E.g. following configuration will use above filter and standard filter that will remove name
field from the output records:
Filter:
Module: datconv.filters.pipe
CArg:
flist:
- Module: custom.with_phone
- Module: datconv.filters.delfield
CArg:
field: [name]
Populating database¶
Let say we have output file from: JSON to XML conversion example (file cb.json.xml
) that we would like to import to SQLite database. At first we have to create table with respective
fields to store data. Connector datconv.outconn.sqlite.ddl module can be helpfull here. Let’s run datconv with following configuration:
Reader:
Module: datconv.readers.dcxml
CArg:
rectags: [results]
PArg:
inpath: ./sampl.xml
Writer:
Module: datconv.writers.dcxpaths
CArg:
add_header: false
add_type: true
ignore_rectyp: true
OutConnector:
Module: datconv.outconn.sqlite.ddl
CArg:
path: ./sampl.sql
table: sample
This will produce file sampl.sql
with proposed table definition:
CREATE TABLE sample (
name TEXT,
phone TEXT
);
Edit this definition (possibly define primary key etc.) and run with your database to create table. This step may look somewhat like art-for-art in this simple sample, but with large number of fields or tables may save you some typing or copy/pasting.

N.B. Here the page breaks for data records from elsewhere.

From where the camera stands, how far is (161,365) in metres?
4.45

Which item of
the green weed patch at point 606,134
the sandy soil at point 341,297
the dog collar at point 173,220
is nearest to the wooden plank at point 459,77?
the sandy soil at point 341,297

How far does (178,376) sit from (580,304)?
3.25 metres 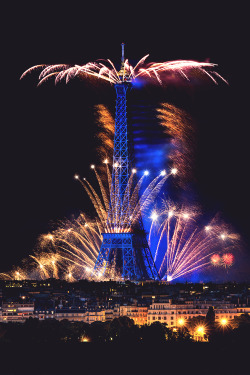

Then, change Writer and Connector in your configuration file in following way
(place path to your SQLite database file as connstring:
parameter):
Reader:
Module: datconv.readers.dcxml
CArg:
rectags: [results]
PArg:
inpath: ./sampl.xml
Writer:
Module: datconv.writers.dcjson
CArg:
ignore_rectyp: true
OutConnector:
Module: datconv.outconn.sqlite.jinsert
CArg:
connstring: ./sampl.sqlite
table: sample
and run datconv again to insert records into the table.
Note use of ignore_rectyp
option to get rid of outer <results>
tag which otherwise
would be interpretted as the only one column in the table. In case of problems with inserts
one can add dump_sql
option to Connector in order to dump generated INSERT statements to
file or change OutConnector to plain file to check generated JSON.
Default Configuration¶
It may happen that we have some typical files or typical conversion scenario that we frequently use. In such case it is reasonable to use Default Configuration file.
Let say we frequently do conversion described in section JSON to XML conversion example.
To simplify program usage we may save configuration file for this case as the file .datconv_def.yml
located in root of our home folder making one change in the file:
replacing file names with positional arguments, like below:
Reader:
Module: datconv.readers.dcijson_keys
CArg:
headkeys: [requestID, signature]
reckeys: [results]
footkeys: [status, metrics]
PArg:
inpath: $1
outpath: $2
Writer:
Module: datconv.writers.dcxml
CArg:
pretty: true
After that one may call datconv in following way:
datconv def <imput file> <output file>
to perform conversion according to saved schema.